Strands of gold hair that could still shimmer.
They shouldn’t have meant anything; they could have meant anything; just a small memento of an absent wife that a loving husband might have treasured – but with a flood of warmth running through him Mark Alter kissed the iced plastic. Kissed and kissed it because the essence of Celeste was there, was still alive.
His heart lifted. It had no right to. This was an old man’s pleasure, a forgotten husband’s tenderness. Not his own, but he felt it anyway.
And, feeling it, he knew every word in Cesare Montenero’s diaries was true.
Mark Alter fell to his knees.
The great Amati mansion is crumbling, but it houses itinerants, passing travellers, pigeons and locals mammals seeking shelter. The roof has caved in at any number of places and the western wing’s main wall has collapsed, a lot of it falling inward, some outward. Weather and time have had their way. Even though the first sight of the old mansion had as much effect on him as staring at a dead dog in a ditch, he liked looking around at the abandoned pastures, liked imagining the young Cesare Montenero running with a ball and learning how to play with other children.
The huge landholding itself hasn’t been completely abandoned, however. Mark sees that there are small stone homes with smoke whispering from their chimneys, and several hoed fields where asparagus, corn and maize crops prosper. Up above, the volcano is in one of its regular dormant phases. Like the nearby chimneys, only a breath of smoke floats into the sky. He decides that before returning home, he’ll make an expedition, maybe hope to see the magical smoke rings he’d read about.
He walks down to the broken houses with his backpack over one shoulder, drinking water from his flask. Though he knows the direction and has planned out almost every step on his Michelin map, he wants to ask one of the younger workers if he knows the way to the country house of the people who used to live here.

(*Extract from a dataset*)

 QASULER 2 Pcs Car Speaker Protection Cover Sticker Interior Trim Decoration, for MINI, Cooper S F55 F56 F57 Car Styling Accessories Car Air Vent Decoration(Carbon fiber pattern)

Mark consults his phrasebook and tries to get the words to make sense.
The teenage boy in front of him interrupts his stammering and says, in accented English, ‘Which the ones you want to know?’ He’s chewing a mouthful of bread and cheese, hands large and hard, face dirty and sunburned. ‘The Amatis was first, then this bunch a bastardi called “Westenholz”. A famiglia Westenholz from Denmark. They gone broke. They just load their cars and drive away, 1953, 1954. Dunno. We call il abbannunamentu, you know?’
‘It’s the Amati family I’m interested in,’ Mark tells him.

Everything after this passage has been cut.